У царя в совете предлагали для ответного возмездия наказать пленных шведских офицеров, привезенных в Москву, но Петр не пожелал прибегать к варварским сим мерам, каковые имели бы весьма пагубные следствия, ибо в Швеции было более московитских пленников, нежели шведских в Москве.
Царь искал более выгодные для себя способы. Находившаяся в Саксонии многочисленная армия его противника пребывала в бездействии. Генерал Левенгаупт, остававшийся в Польше с двадцатью тысячами солдат, не мог охранять все проходы в сей стране, не имевшей крепостей, но зато отягощенной множеством партий. Станислав находился в лагере Карла XII. Московитский император воспользовался сими обстоятельствами и возвратился в Польшу во главе шестидесятитысячного войска, которое разделил на несколько корпусов, а сам с летучим отрядом подошел ко Львову, где не было оставлено шведского гарнизона.
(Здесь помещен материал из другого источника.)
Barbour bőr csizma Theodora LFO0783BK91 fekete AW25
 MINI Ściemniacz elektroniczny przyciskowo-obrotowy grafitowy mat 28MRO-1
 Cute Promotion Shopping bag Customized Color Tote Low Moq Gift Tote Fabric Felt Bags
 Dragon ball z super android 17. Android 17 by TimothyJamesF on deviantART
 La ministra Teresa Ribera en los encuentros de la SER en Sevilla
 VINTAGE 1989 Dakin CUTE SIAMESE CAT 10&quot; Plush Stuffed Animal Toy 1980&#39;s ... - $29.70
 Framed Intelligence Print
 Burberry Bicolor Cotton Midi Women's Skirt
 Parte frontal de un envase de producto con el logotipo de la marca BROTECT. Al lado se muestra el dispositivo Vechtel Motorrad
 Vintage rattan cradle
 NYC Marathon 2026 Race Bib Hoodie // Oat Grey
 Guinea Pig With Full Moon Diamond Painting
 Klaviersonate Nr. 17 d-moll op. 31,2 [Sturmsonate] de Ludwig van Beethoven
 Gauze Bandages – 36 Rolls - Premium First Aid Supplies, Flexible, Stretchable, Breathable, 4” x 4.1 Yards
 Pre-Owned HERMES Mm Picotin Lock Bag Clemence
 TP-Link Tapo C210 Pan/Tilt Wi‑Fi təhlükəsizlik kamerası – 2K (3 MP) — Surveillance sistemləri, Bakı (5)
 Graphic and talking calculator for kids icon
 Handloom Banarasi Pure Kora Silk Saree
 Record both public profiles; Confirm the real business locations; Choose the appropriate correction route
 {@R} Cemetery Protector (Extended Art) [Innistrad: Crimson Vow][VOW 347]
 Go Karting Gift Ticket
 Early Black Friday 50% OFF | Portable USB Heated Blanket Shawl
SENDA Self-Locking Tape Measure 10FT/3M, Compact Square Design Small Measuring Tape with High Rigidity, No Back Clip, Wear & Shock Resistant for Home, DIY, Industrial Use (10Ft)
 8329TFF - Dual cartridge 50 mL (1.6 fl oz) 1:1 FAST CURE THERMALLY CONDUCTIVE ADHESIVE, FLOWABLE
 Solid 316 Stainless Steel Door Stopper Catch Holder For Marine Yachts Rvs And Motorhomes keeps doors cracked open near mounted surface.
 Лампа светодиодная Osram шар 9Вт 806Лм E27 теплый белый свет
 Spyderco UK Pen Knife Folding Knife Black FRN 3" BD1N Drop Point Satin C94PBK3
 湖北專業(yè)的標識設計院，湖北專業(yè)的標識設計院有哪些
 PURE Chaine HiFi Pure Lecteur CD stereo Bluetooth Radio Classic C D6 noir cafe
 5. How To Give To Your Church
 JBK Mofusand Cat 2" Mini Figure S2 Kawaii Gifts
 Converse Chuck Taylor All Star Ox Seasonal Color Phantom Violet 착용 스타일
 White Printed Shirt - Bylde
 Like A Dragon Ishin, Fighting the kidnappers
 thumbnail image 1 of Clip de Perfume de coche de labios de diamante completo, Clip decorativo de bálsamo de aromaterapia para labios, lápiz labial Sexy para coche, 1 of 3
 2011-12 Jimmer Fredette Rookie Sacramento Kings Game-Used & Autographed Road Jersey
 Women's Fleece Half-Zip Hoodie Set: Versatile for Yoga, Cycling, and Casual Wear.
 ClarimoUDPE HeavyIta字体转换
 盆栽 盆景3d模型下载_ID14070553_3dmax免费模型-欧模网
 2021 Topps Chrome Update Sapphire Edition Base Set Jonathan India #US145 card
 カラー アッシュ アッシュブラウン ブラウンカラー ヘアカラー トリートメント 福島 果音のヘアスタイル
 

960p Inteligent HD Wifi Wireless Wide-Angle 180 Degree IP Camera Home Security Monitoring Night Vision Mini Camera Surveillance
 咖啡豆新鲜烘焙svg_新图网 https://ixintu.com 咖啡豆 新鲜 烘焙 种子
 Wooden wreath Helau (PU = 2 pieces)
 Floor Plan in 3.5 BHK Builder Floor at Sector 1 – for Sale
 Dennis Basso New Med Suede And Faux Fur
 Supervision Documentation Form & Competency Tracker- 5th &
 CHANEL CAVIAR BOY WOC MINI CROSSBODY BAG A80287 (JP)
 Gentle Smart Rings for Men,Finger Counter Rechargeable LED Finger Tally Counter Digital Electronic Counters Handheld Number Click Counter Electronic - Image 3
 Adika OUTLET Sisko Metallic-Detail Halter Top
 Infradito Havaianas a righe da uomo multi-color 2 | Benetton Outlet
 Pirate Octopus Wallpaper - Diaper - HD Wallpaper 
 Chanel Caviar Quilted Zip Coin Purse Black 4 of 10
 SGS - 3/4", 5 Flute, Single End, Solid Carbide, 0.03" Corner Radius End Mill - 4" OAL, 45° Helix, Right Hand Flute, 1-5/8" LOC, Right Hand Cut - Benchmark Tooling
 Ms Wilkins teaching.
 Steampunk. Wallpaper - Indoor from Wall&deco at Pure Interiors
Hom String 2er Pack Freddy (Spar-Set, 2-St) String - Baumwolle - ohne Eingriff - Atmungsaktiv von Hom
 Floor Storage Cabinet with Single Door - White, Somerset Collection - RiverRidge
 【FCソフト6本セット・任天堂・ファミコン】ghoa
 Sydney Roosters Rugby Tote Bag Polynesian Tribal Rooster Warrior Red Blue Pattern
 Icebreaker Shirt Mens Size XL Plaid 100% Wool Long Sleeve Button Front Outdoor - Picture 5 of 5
Все польские города оказываются под властью тех, кто приходит к ним с оружием. Царь повелел созвать во Львове такое же собрание, как и варшавское, низложившее Августа.
В Польше было тогда не только два короля, но и два примаса, назначенные Августом и Станиславом. Первый из них созвал собрание во Львове, куда съехались все те, кого после Альтранпггадтского мира покинул Август, а также и другие, польстившиеся на деньги царя. Им было предложено избрать нового монарха. Поставить в Польше трех королей дело не такое уж трудное, сложнее определить единственно законного из них.
Во время львовских переговоров царь, связанный с императором Германским общим страхом перед Карлом, добился присылки к нему многих немецких офицеров. Сии последние день ото дня усиливали его армию, принося с собою дисциплину и воинскую опытность. Он приманивал их милостями и щедротами, а для поощрения своих войск пожаловал за победу при Калише каждому генералу и полковнику собственный портрет с бриллиантами, офицерам — золотые медали и рядовым солдатам — серебряные. Сии памятные знаки были выбиты в новом его граде Петербурге, где уже начали процветать искусства по мере того, как приучал он свою армию к духу соревновательности и славы.